5.3 Sensitivity on dataset properties

Fig. 4
figure 4

Plots depicting the sensitivity of RankNet\(^*\) performance on certain dataset properties, evaluated on synthetic data as explained in Sect. 4.5. In a the dependency on the number of relevance classes is changed, while the number of documents in the training set was fixed to \(10^5\). In b the dependency on the number of features is shown. In this test, the number of documents in the training set was \(10^5\) and the number of relevance classes was set to five. In c the performance of RankNet\(^*\) with different noise levels on the class labels with 5 classes and 70 features is displayed. d shows the results when the size of the training set with five relevance classes is varied

With the following tests we discuss how RankNet\(^*\) performs under different circumstances. The tests were performed as described in Sect. 4.5. The performance of RankNet\(^*\) was tested for different numbers of relevance classes (Fig. 4a), features (Fig. 4b), for variations of noise on the class labels (Fig. 4c), and differently sized training sets (Fig. 4d).

The tests show that, given enough data, RankNet is able to handle a diverse range of datasets. It especially shows that the RankNet\(^*\) can handle many relevance classes as shown in Fig. 4a. As one would expect, the performance decreases with the number of relevance classes. However, this effect can be counteracted by increasing the size of the training set (see Fig. 4d) or the number of features (Fig. 4b). Additionally, Fig. 4c shows the robustness of RankNet\(^*\) against noise on the relevance classes. Up to some small noise (approximately \(5\%\) mislabeling, i.e. \(\sigma = 0.25\)), the performance decreases only marginally, but drops significantly for increasing noise. Still, even with \(50\%\) of the documents being mislabeled (i.e., \(\sigma = 0.75\)), the NDCG@20 does not drop below 0.80. This suggests that the theoretical findings in Sect. 3 for ideal data stay valid for real-world data.

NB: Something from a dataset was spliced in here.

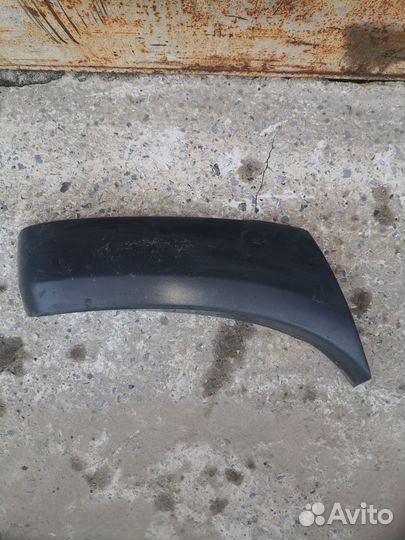 Левая накладка переднего бампера мазда бт-50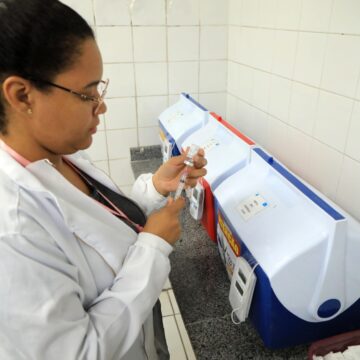 Salvador nomeia 35 novos servidores da Saúde e chega a 343 profissionais convocados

5.4 Training size and label-ratio dependency

Fig. 5
figure 5

Training set size and label-ratio dependency for different ranking algorithms. In Fig. 5a and b, the dependency of the performance on the training set size is shown for Ranknet\(^*\), RankNet, LambdaRank and ListNet (on synthetic data and on the MSLR-WEB10K dataset). In Fig. 5c and d, the dependency of the performance on the label-ratio dependency is shown, again on synthetic data and on the MSLR-WEB10K dataset. All models in this study were implemented using Tensorflow v2.11.0

At this point we discuss how RankNet\(^*\) performs compared to other ranking models depending on specific dataset characteristics. The test procedure was explained in Sect. 4.6. For the tests, the performance based on differently sized training sets and with different label ratios between relevant and non-relevant classes is evaluated.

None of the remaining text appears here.